- **Task to complete**
Your job with the data below: print everything from the line that holds "Muazzam Siyah Örgü" down to the line that holds "A room with", ends included, exactly, and nothing else.

- **Data for review**
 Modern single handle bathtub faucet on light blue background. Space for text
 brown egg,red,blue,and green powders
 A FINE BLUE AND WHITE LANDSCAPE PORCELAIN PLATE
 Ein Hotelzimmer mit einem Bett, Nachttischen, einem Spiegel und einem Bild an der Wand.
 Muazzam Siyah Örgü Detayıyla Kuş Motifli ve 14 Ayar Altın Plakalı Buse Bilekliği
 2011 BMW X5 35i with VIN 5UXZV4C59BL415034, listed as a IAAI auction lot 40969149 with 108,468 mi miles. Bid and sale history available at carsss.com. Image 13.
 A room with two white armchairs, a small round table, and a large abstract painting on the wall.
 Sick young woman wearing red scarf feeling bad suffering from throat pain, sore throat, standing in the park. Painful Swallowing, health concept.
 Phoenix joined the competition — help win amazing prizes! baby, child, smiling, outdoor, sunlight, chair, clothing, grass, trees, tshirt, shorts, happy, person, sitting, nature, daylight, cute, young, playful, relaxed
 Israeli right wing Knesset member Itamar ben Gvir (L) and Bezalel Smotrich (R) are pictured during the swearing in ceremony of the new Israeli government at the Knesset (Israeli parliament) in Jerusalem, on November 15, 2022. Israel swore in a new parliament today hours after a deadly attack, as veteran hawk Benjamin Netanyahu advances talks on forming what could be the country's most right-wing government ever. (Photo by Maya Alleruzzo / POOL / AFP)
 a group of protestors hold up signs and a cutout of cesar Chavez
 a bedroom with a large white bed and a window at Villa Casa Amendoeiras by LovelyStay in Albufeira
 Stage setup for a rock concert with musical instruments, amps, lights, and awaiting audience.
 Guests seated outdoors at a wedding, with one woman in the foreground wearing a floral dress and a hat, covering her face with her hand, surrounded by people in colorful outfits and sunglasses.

- **Answer space**
 Muazzam Siyah Örgü Detayıyla Kuş Motifli ve 14 Ayar Altın Plakalı Buse Bilekliği
 2011 BMW X5 35i with VIN 5UXZV4C59BL415034, listed as a IAAI auction lot 40969149 with 108,468 mi miles. Bid and sale history available at carsss.com. Image 13.
 A room with two white armchairs, a small round table, and a large abstract painting on the wall.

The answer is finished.